Incomplete Kawasaki Disease in an Infant: A Case Report and Literature Review

1 Pediatrics, Woodhull Medical Center, New York City, USA

Abdalaziz M Awadelkarim

2 Internal Medicine, Wayne State University Detroit Medical Center, Detroit, USA

Eltaib Saad

3 Internal Medicine, AMITA Saint Francis Hospital, Evanston, USA

Susan Beker

4 Pediatric Cardiology, New York University, New York, USA

The term "incomplete Kawasaki Disease (IKD)" was first used to describe patients with coronary complications who did not fulfill the classical diagnostic criteria for Kawasaki Disease (KD).

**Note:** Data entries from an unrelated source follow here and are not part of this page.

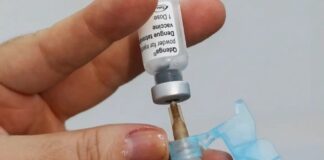 Estudo mapeia os principais genes envolvidos na resposta imune contra o vírus da dengue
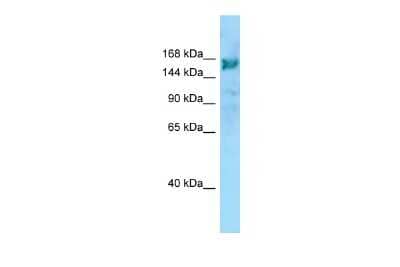 Western Blot: ARHGEF10 Antibody [NBP3-10680]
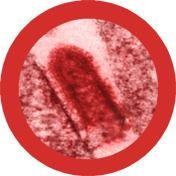 Giant Microbes Original Rabies Virus - Planet Microbe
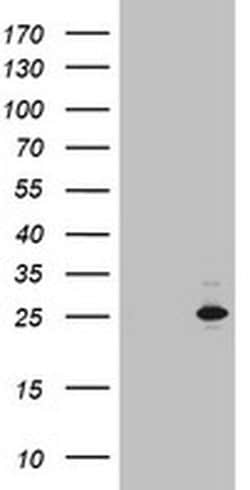 MRPS11 Monoclonal Antibody (OTI3D2):Antibodies, Monoclonal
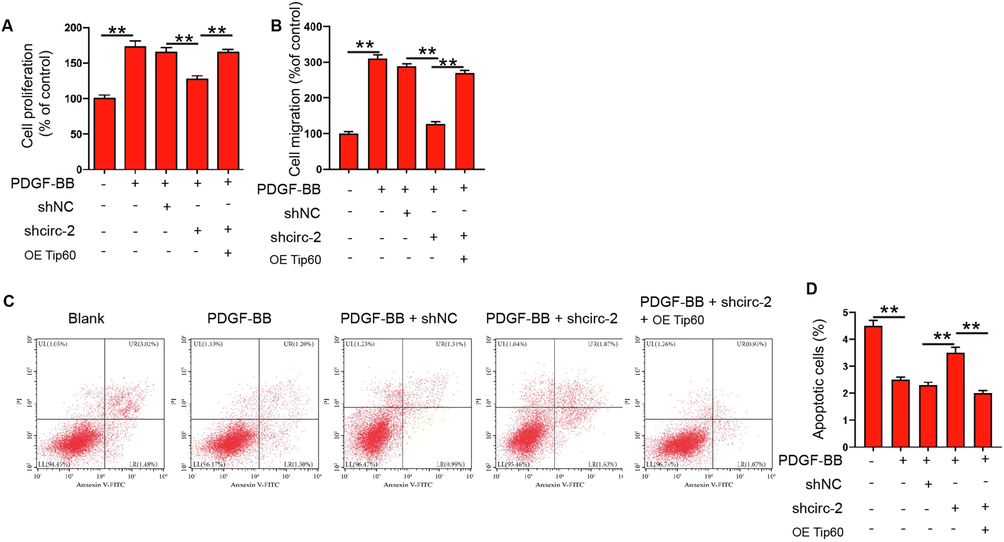 CircRHOT1 contributes to PDGF-BB stimulated proliferation and migration of ASMCs by regulating Tip60. (A-D) ASMCs were treated with PDGF-BB, or co-treated with circRHOT1 siRNA and Tip60 overexpressing plasmid. (A) Cell proliferation was detected by CCK-8 assay. (B) Cell migration was detected by Transwell assay. (C and D) Apoptosis of ASMCs was measured by flow cytometry. **p < 0.01.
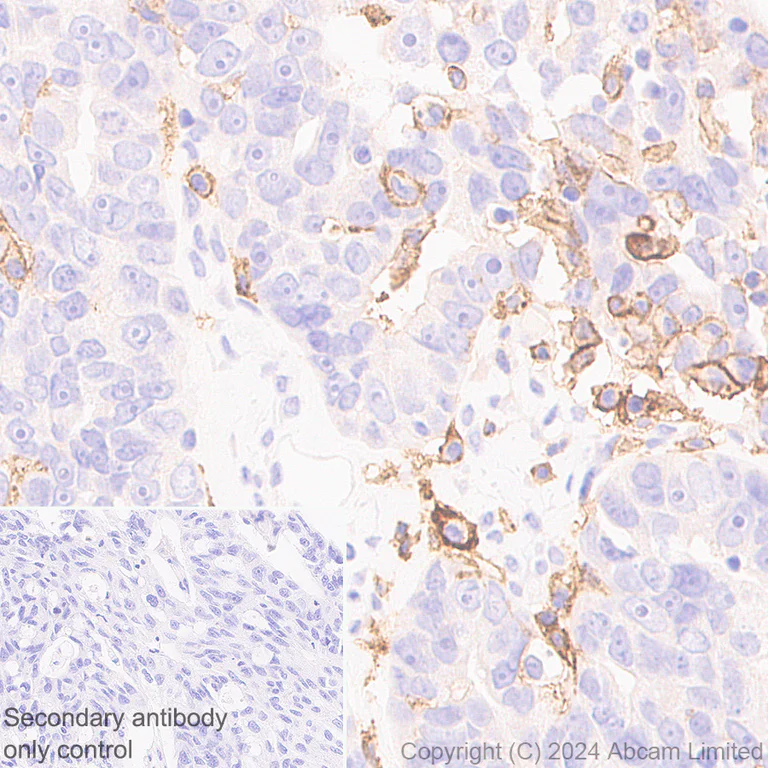 Immunohistochemistry (Formalin/PFA-fixed paraffin-embedded sections) - Anti-C3a R antibody [hC3aRZ8] (AB317632)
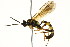  ( - BIOUG01282-D10)  @13 [ ] CreativeCommons - Attribution (2012) CBG Photography Group Centre for Biodiversity Genomics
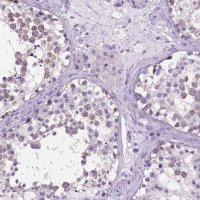 Anti-SPDYA antibody produced in rabbit 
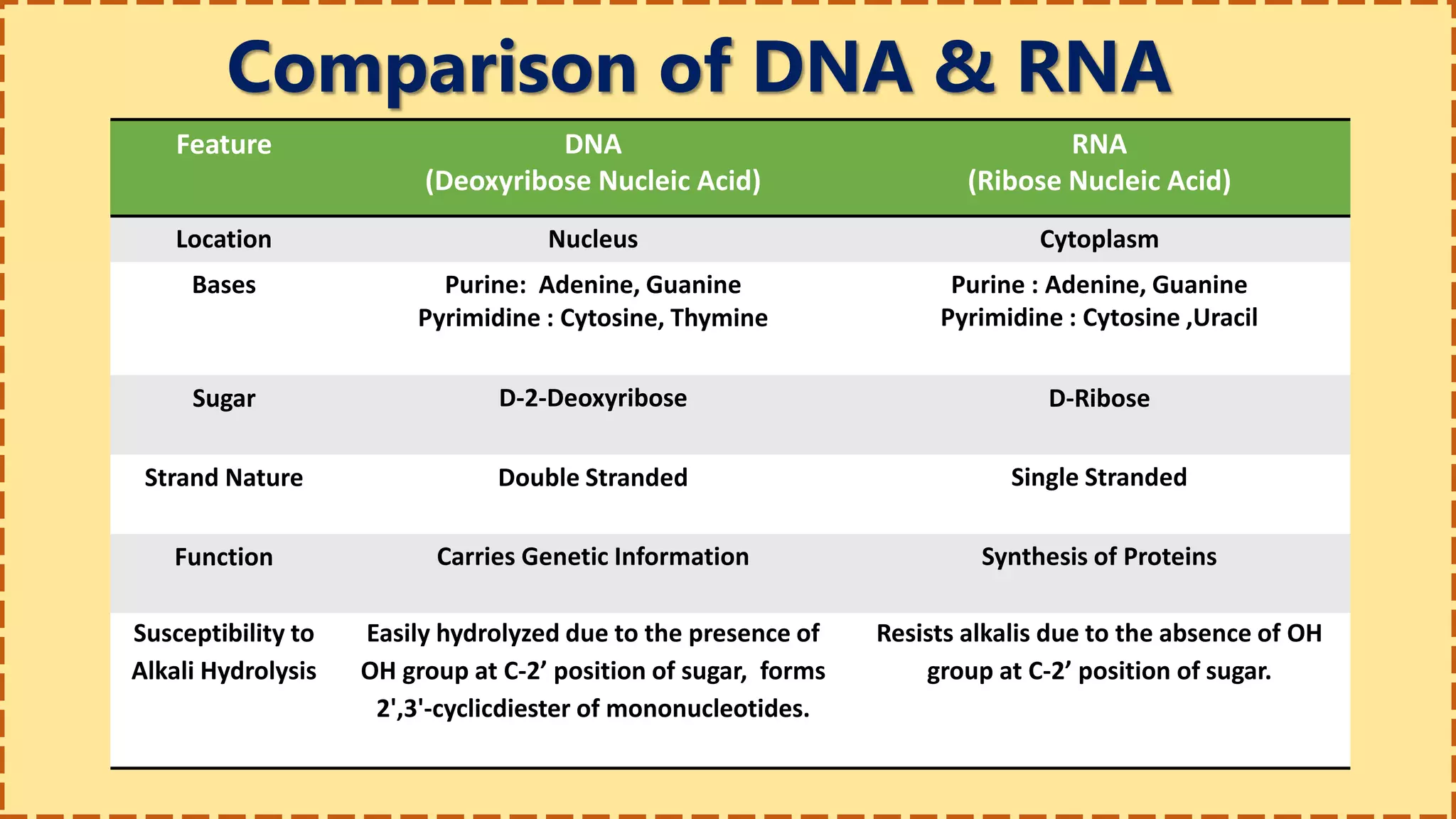 Comparison of DNA & RNA
Feature DNA
(Deoxyribose Nucleic Acid)
RNA
(Ribose Nucleic Acid)
Location Nucleus Cytoplasm
Bases Purine: Adenine, Guanine
Pyrimidine : Cytosine, Thymine
Purine : Adenine, Guanine
Pyrimidine : Cytosine ,Uracil
Sugar D-2-Deoxyribose D-Ribose
Strand Nature Double Stranded Single Stranded
Function Carries Genetic Information Synthesis of Proteins
Susceptibility to
Alkali Hydrolysis
Easily hydrolyzed due to the presence of
OH group at C-2’ position of sugar, forms
2',3'-cyclicdiester of mononucleotides.
Resists alkalis due to the absence of OH
group at C-2’ position of sugar.
 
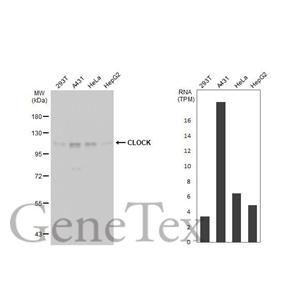 CLOCK antibody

The risk of coronary artery involvement is similar if not greater in cases of IKD. However, the recognition of IKD is challenging and often delayed, especially in infants. Multiple algorithms have been formulated to identify cases of IKD utilizing supplemental clinical, echocardiographic, and laboratory features. Although fever is not required for a diagnosis of KD in the Japanese guideline, most of the current guidelines, including those of the American Heart Association (AHA), consider the presence of fever for at least seven days a requirement for the diagnosis of both KD and IKD in infants.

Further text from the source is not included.